For these reasons human and animal health are inextricably linked and should be addressed together for sustainable poverty reduction.

Unfortunately, output from livestock has decreased by 25% partly because of diseases whose prevention is constrained by limited availability of vaccines and poor vaccine distribution systems. This is particularly critical for neglected diseases such as PPR in sheep and goats, CCPP in goats, CBPP in cattle and ND in poultry, which by coincidence have the highest impact among the poor livestock keepers.

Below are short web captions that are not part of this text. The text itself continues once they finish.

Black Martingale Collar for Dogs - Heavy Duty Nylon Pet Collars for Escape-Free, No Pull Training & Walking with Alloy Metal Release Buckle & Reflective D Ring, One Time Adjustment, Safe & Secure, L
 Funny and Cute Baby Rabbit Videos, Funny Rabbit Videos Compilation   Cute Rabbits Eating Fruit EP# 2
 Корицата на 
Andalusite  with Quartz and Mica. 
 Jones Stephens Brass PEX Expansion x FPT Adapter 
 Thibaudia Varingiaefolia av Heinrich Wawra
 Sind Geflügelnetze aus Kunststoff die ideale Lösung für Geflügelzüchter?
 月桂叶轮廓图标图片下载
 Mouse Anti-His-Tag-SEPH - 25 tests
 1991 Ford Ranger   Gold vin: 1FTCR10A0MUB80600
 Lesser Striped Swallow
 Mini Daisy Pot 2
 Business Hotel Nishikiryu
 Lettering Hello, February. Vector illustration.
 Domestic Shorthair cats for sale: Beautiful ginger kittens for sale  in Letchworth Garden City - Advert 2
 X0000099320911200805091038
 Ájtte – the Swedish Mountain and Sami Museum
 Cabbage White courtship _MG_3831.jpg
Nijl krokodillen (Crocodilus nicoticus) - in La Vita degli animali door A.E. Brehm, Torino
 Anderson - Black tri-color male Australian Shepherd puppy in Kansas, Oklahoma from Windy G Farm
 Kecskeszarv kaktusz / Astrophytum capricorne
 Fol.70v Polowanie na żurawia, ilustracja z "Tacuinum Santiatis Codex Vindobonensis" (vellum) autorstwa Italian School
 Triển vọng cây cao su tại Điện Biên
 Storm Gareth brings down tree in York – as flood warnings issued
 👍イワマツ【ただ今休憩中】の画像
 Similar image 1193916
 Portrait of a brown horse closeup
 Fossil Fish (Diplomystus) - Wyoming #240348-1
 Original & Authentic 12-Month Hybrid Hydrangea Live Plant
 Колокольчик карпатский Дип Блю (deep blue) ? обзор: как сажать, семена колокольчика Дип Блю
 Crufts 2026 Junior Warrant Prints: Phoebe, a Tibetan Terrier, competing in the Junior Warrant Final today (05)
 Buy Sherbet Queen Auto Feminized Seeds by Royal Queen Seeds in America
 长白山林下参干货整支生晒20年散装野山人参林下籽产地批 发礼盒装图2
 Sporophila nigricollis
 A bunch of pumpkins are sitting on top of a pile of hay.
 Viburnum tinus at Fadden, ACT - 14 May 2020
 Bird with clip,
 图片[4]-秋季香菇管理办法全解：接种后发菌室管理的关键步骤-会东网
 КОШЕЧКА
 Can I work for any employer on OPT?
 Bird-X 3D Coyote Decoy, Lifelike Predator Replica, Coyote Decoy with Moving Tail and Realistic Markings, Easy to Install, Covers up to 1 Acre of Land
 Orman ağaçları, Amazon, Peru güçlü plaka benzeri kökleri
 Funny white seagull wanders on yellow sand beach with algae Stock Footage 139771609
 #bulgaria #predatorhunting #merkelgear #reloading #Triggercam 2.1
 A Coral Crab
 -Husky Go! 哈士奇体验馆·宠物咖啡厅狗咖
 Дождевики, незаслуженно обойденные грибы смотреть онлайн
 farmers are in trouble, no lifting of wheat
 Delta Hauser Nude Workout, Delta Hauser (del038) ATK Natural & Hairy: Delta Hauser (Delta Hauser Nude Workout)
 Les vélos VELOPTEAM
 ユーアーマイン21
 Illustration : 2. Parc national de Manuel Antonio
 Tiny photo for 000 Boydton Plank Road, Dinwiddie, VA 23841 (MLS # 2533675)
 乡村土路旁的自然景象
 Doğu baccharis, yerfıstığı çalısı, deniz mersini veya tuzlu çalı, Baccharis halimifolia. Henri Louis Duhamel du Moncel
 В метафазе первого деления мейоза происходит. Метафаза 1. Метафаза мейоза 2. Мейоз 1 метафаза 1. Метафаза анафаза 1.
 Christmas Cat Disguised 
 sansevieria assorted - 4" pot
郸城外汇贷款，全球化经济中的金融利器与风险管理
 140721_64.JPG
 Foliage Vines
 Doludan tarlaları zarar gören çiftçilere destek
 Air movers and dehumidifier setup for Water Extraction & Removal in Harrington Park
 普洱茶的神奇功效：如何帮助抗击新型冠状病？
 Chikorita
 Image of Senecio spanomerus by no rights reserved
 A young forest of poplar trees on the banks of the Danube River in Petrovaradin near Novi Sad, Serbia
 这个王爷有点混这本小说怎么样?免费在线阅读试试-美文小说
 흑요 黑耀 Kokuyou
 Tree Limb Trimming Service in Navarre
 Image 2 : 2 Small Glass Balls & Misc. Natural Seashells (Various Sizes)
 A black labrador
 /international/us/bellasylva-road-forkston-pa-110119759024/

Although vaccines for these diseases exist, and are produced by African laboratories, the technology used to produce some of the vaccines is not entirely in conformity with the current global trend. This is further compounded by acutely limited resources and investments that are required to increase their production capacity, distribution and delivery. Quick investments and financial resources are therefore required in order to improve access to quality vaccines. This approach is supported by the World Development Report (2000/2001) which emphasizes on "a change of focus from development that supports the national economy to a direct focus on the ailments of the poor."